Considerably less recourse is available when an unregistered copyright is infringed. The owner can seek an injunction that requires an infringer to cease using or exploiting the work. The owner of an infringed but unregistered copyright might also be able to sue for actual damages but not the much more generous statutory damages provided by the Copyright Act. In any such case, it’s best to consult an experienced intellectual property law firm, some of which have posted on their websites detailed explanations for how to defend an unregistered copyright. One such example is here.
Works Made for Hire. An important copyright qualifier that employees should understand is works made for hire. Most organizations have a work for hire policy in which employees must assign full ownership to their employer of any copyrighted materials that they produce during work hours. Some organizations permit their employees to retain copyright to anything they write, photograph or video during work hours so long as the employee grants non-exclusive use of such materials to the employer. Whether the copyright is owned by the employer or the employee, the employer has full rights to use the work.
Copyright does not provide a total monopoly on intellectual property, for the Congress has limited exclusivity of copyrights by establishing their lifetimes. According to the US Copyright Office [PDF]:
For works made for hire and anonymous and pseudonymous works, the duration of copyright is 95 years from first publication or 120 years from creation, whichever is shorter (unless the author’s identity is later revealed in Copyright Office records, in which case the term becomes the author’s life plus 70 years).
The “Fair Use” or “Fair Dealing” provision of the US Copyright Act is another limitation on the exclusivity of copyrights. Many disputes could be avoided if those who wish to use copyrighted works would simply consider as guidelines the specific exemptions listed in the Fair Use section of the law:
Notwithstanding the provisions of sections 106 and 106A, the fair use of a copyrighted work, including such use by reproduction in copies or phonorecords or by any other means specified by that section, for purposes such as criticism, comment, news reporting, teaching (including multiple copies for classroom use), scholarship, or research, is not an infringement of copyright.

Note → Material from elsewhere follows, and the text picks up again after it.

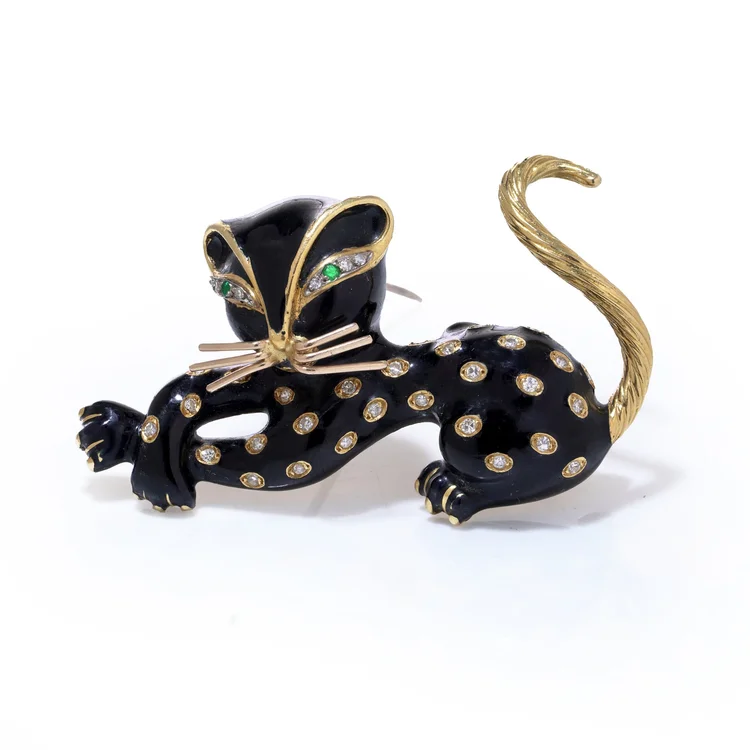 Kutchinsky 18KT Gold Diamond and Enamel Cat Brooch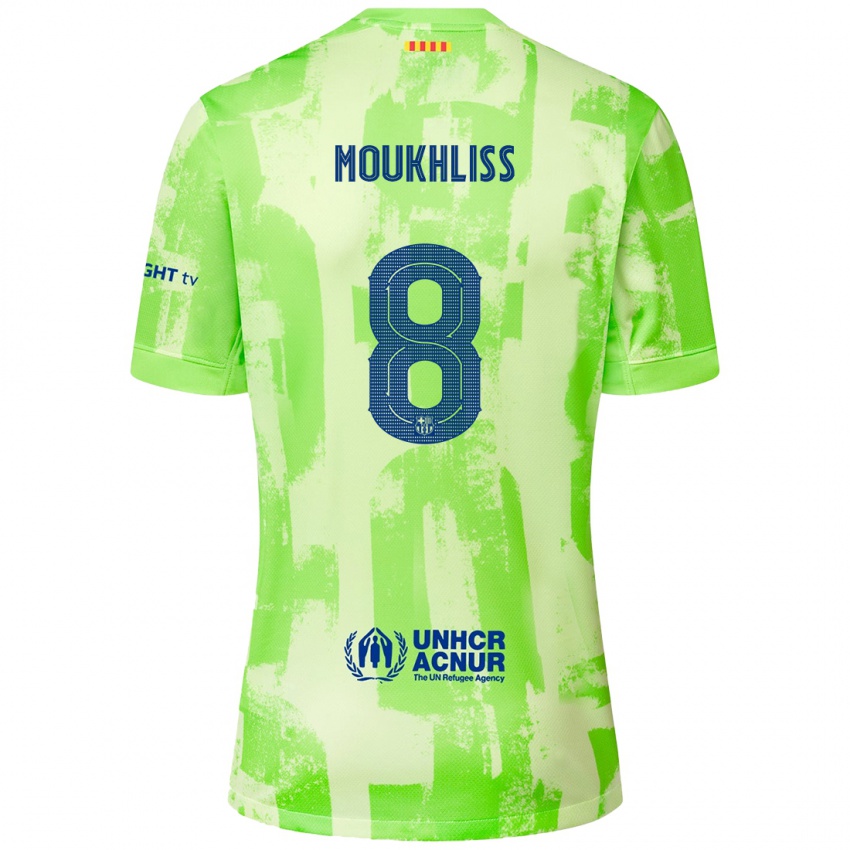 Kinder Moha Moukhliss #8 Limettengrün Ausweichtrikot Trikot 2024/25 T-Shirt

Commentators, reporters, educators, scientists, students and bloggers can make major use of these exemptions. But can those who employ fair use go too far? The law addresses this issue:
In determining whether the use made of a work in any particular case is a fair use the factors to be considered shall include—
(1) the purpose and character of the use, including whether such use is of a commercial nature or is for nonprofit educational purposes;
(2) the nature of the copyrighted work;
(3) the amount and substantiality of the portion used in relation to the copyrighted work as a whole; and
(4) the effect of the use upon the potential market for or value of the copyrighted work.
The fact that a work is unpublished shall not itself bar a finding of fair use if such finding is made upon consideration of all the above factors.
Of interest is the lack of specificity in the law. Is fair use limited to five percent of a copyrighted book or article? Ten percent? The law’s fuzziness provides the courts with flexible options for reviewing complaints of infringement. While this often works well, there are instances in which courts ruled very differently on similar copyright infringement cases. The US Copyright Office provides a useful analysis of how courts evaluate fair use controversies here.
An especially common violation of copyright law is the creation of derivative works from copyrighted material. For example, a lazy student or a reporter in a hurry who merely rearranges or substitutes some words in a copyrighted document and claims them as his own has created a derivative of the original work. While the copyright owner can do this, no one else can. Not only might this violate the law, it might also be viewed as plagiarism. While the law does not establish prohibitions against or penalties for plagiarism, many institutions and organizations certainly do.
Defending Your Copyright
Have you recently published a book or posted an especially distinctive photograph on a social media website? If your work has not already been copied and posted online, there is a good chance that it will be eventually. Creators of intellectual property have many options when their copyright is infringed.
When posting on social media sites, it’s often best to regard what might be an infringement under the law as a complement to your creative ability and free advertising for your future works. If you post on Facebook a great photo of two hummingbirds in combat, you might want to request those who share it to mention your name. This works both ways, and anything that you find and share online or in publications should always be acknowledged. If the photo has commercial value, be sure to post a low resolution version.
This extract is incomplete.